*Dataset*.
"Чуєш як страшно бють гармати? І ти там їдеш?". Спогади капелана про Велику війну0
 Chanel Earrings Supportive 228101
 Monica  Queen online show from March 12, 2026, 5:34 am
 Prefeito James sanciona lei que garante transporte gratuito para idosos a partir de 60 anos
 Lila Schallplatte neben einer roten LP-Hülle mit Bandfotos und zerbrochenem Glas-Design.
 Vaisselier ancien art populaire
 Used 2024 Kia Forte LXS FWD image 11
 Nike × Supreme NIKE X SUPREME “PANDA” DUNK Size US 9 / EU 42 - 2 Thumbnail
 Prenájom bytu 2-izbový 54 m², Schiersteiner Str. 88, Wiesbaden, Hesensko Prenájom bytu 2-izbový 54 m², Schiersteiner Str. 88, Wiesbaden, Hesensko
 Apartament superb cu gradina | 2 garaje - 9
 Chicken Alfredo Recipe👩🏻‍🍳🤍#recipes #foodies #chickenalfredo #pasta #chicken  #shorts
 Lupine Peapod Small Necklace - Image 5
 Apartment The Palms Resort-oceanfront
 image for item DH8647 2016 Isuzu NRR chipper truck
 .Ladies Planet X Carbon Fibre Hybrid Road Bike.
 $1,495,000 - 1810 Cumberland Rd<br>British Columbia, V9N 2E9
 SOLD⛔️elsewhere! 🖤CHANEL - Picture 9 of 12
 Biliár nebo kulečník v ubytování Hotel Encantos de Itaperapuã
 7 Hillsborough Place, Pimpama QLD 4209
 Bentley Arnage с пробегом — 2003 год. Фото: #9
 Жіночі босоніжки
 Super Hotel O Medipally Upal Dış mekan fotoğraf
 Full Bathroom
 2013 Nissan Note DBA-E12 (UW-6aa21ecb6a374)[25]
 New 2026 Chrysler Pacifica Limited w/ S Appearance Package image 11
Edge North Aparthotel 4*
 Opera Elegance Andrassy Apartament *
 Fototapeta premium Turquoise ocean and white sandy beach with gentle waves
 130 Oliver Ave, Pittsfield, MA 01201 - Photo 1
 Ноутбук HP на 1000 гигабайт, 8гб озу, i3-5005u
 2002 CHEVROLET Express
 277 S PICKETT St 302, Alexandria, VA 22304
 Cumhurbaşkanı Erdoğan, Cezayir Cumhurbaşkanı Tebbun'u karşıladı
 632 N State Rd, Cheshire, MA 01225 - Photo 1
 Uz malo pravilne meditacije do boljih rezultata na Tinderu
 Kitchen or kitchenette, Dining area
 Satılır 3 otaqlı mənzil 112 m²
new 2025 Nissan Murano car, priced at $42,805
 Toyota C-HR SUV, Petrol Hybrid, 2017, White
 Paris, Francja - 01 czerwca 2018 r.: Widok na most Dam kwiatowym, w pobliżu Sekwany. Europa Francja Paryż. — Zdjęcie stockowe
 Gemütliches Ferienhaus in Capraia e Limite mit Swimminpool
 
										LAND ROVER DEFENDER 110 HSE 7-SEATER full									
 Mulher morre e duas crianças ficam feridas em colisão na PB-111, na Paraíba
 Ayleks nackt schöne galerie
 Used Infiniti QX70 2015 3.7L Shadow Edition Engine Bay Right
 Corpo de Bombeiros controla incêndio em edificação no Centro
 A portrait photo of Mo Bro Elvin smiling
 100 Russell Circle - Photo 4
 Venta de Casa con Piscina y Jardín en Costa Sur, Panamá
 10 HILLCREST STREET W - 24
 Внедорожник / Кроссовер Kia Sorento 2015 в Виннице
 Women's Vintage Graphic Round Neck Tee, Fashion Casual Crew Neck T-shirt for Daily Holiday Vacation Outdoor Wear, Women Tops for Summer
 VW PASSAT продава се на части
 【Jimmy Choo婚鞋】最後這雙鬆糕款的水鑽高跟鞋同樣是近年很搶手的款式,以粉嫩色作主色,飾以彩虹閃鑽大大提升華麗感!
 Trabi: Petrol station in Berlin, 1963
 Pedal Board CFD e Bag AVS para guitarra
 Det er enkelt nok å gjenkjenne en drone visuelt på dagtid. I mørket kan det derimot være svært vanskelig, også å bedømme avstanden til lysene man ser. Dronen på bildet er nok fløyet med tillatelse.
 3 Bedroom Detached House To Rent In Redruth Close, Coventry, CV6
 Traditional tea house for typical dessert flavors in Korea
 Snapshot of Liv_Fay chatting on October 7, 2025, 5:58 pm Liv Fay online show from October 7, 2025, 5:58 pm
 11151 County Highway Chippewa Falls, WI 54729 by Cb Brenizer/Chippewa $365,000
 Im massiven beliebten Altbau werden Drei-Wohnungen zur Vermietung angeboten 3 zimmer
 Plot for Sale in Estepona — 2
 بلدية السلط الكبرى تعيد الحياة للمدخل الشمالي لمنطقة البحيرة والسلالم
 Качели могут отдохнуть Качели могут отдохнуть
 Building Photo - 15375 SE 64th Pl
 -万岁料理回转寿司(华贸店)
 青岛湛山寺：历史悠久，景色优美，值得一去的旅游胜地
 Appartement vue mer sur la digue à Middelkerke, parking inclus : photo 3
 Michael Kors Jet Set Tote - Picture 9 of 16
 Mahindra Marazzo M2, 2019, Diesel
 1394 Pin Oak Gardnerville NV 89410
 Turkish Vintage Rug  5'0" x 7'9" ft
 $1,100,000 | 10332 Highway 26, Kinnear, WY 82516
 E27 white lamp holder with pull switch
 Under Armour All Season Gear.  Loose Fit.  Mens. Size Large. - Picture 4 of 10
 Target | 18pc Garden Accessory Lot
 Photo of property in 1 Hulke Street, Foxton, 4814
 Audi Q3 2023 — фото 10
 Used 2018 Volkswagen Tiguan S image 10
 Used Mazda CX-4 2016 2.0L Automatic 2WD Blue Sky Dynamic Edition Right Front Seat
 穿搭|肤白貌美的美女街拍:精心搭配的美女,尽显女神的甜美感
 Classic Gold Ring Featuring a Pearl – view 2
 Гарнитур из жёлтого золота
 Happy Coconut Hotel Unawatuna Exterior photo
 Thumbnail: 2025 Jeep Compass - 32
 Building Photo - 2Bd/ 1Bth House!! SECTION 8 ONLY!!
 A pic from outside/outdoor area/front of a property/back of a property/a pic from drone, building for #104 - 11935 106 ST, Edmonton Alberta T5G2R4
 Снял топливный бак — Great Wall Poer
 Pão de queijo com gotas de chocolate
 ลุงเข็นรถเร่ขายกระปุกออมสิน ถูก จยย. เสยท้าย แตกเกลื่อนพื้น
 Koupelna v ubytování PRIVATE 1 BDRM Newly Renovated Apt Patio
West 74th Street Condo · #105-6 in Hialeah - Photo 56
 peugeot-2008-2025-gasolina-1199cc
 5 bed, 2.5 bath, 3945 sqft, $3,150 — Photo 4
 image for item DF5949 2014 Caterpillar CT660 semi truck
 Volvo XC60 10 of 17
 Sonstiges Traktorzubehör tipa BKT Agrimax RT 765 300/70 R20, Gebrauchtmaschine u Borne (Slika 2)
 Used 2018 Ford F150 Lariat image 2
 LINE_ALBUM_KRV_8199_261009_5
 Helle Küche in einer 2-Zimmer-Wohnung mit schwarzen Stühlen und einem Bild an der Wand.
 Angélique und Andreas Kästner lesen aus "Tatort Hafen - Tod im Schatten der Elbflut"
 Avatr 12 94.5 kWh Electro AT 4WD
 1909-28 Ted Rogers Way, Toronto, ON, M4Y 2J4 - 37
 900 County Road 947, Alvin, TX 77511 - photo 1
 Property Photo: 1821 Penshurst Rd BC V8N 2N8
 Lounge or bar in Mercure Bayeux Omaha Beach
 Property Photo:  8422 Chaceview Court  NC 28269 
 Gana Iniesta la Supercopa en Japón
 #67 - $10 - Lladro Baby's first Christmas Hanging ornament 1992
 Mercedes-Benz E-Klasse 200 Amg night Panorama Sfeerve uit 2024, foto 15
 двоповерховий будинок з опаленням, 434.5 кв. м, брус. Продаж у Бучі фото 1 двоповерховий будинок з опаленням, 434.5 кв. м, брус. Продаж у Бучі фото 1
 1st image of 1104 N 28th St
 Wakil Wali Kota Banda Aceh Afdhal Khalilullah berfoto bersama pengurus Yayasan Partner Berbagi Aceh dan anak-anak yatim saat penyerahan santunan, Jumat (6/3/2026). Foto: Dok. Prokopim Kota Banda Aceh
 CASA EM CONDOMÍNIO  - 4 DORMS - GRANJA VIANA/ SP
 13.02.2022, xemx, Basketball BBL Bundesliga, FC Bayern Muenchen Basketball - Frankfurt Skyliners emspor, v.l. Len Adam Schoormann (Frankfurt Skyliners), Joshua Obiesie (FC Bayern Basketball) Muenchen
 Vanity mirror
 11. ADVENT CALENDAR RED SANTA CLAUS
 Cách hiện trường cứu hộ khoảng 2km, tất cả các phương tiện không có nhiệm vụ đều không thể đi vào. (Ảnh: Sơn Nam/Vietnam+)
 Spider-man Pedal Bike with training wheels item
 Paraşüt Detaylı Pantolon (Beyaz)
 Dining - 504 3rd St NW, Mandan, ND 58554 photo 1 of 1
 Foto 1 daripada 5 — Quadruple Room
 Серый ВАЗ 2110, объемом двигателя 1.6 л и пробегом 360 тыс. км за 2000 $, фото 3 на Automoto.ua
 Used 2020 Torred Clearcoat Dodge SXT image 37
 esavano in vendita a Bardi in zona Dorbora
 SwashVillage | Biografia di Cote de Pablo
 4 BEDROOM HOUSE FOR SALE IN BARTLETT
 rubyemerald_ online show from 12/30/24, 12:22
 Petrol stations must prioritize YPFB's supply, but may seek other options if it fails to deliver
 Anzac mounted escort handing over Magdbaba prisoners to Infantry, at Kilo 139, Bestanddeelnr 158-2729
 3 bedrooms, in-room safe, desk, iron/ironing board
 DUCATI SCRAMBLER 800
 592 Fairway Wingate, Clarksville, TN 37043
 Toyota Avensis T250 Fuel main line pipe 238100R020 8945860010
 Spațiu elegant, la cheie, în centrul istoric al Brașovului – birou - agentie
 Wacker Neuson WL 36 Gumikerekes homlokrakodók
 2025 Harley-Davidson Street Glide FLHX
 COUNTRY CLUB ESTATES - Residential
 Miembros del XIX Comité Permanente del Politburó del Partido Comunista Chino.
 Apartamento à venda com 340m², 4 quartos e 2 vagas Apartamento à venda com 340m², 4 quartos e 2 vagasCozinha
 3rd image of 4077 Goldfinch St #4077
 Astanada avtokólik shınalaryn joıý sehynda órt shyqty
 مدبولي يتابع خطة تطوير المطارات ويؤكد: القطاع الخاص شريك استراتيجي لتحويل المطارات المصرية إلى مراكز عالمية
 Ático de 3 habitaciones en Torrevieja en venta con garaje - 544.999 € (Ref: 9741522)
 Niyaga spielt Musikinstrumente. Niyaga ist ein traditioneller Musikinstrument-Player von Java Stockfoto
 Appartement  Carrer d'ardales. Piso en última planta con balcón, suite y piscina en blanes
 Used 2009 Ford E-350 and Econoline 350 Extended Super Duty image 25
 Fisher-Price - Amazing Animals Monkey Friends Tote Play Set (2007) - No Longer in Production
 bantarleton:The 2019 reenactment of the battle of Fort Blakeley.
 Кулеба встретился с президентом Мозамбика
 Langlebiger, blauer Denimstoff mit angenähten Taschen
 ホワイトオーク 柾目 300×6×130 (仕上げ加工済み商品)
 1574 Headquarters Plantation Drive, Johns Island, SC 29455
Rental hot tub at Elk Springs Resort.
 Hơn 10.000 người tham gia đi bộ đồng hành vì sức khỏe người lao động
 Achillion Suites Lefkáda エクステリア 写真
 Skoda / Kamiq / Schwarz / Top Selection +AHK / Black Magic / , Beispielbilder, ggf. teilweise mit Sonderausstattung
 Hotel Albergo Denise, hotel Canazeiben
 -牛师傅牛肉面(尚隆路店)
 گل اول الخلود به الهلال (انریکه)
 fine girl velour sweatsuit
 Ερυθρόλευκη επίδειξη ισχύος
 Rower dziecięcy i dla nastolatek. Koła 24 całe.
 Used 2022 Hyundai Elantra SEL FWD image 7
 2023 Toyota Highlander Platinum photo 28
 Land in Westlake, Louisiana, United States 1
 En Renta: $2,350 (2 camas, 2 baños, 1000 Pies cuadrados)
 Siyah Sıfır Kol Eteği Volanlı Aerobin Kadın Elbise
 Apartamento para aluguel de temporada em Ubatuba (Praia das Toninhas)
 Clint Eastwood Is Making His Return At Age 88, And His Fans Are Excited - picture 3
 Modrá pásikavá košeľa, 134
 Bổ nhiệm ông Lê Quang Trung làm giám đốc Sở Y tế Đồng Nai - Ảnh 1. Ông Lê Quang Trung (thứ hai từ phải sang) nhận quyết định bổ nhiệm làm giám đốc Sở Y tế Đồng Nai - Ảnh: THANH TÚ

*To do*. All that should be written out is the stretch of lines above between the one holding "Bentley Arnage с" and the one holding "Opera Elegance Andrassy Apartament *", inclusive, exactly as given.

*Reply*.
 Bentley Arnage с пробегом — 2003 год. Фото: #9
 Жіночі босоніжки
 Super Hotel O Medipally Upal Dış mekan fotoğraf
 Full Bathroom
 2013 Nissan Note DBA-E12 (UW-6aa21ecb6a374)[25]
 New 2026 Chrysler Pacifica Limited w/ S Appearance Package image 11
Edge North Aparthotel 4*
 Opera Elegance Andrassy Apartament *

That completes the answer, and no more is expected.